Webscraping using Selenium Python
Content:
- What is webscraping?
- What is Selenium Python?
- Setup and tools
- Introduction of Selenium
- Basic: Data extraction from http://www.gutenberg.org
- Next Tutorial
1.0 What is Web Scraping?
Web scarping is extraction of available unstructured public data from webpages in structured way.
2.0 What is Selenium Python?
Selenium is an open-source web-based automation tool. Python language and other languages are used with Selenium for testing as well as web scraping. Here we will use Firefox, BTW you can try on any browser as it is almost same as Firefox.
3.0 Setup and tools
3.1 install selenium using pip
pip install selenium
3.2 or install with conda
conda install -c conda-forge selenium
3.3 Download web drivers, you can choose any of these drivers
3.3.1 follow this link for Chrome driver
3.3.2 follow this link for Firefox driver(geckodriver)
3.3.3 For edge
3.3.4 For Safari
Through out these tutorials I will use Firefox, you are free to choose other browsers also Chrome, Safari, Microsoft edge, Opera.
4.0 Introduction of selenium
You can find proper documentation on selenium here
Following methods will help to find elements in a webpage (these methods will return a list):
- find_elements_by_name
- find_elements_by_xpath
- find_elements_by_link_text
- find_elements_by_partial_link_text
- find_elements_by_tag_name
- find_elements_by_class_name
- find_elements_by_css_selector
In this tutorial we will use only ‘find_elements_by_class_name’ and ‘find_elements_by_tag_name’ and there are other methods also which we will use in upcoming tutorials.
You can find complete documentation of these methods here
5.0 Basic: Data extraction from http://www.gutenberg.org
5.1 Setup
here ”C:\Users\siddhartha\Downloads\geckodriver-v0.25.0-win64\geckodriver.exe” is path of driver, where it is downloaded .
or you can do same Chrome
driver = webdriver.Chrome(r”C:\Users\siddhartha\Downloads\chromedriver_win32\chromedriver.exe”)

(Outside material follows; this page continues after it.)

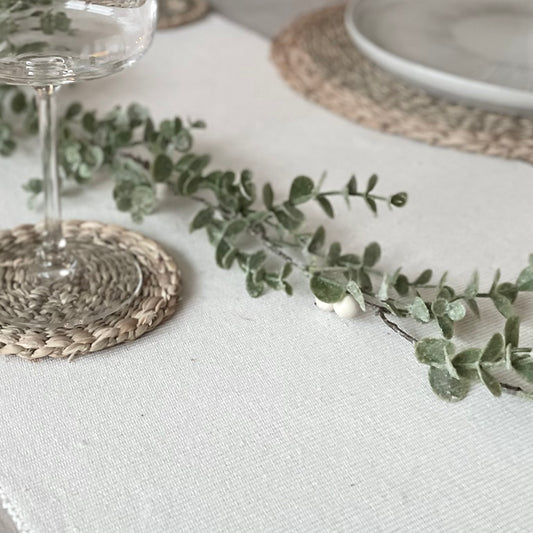 Winter garland with white berries and frosted glitter.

after running these codes, a new window will open, which look like this
5.2 Go to target webpage
‘’http://www.gutenberg.org/ebooks/search/%3Fsort_order%3Drelease_date' is our target page, after running this code you will see our target webpage on browser
5.3 Our objective
In this tutorial our objective is to extract data from this page, page contain book names, their author and release date, we will extract all these data of these 25 books, and then we will go next page to extract next page’s books data and so on……
5.4 Inspect elements
Click on inspect elements or press F12
this will open your inspector window in bottom, you can shift this inspector window to right, click on ‘…’ in right side then click on ‘dock to right’, as shown below
Click on the following button to inspect elements shown below
Try to inspect first item i.e. book
You will see that this item (book) belongs to class ‘booklink’, and other books also belongs to this class: means you can use this ‘class’ to find our target elements i.e. books, by using following code
books = driver.find_elements_by_class_name(‘booklink’)
len(books)
>> 25
this books list contains all elements of books, you can varify that what these elements contains , first item of list will contain first book data, last one will contain data of last book.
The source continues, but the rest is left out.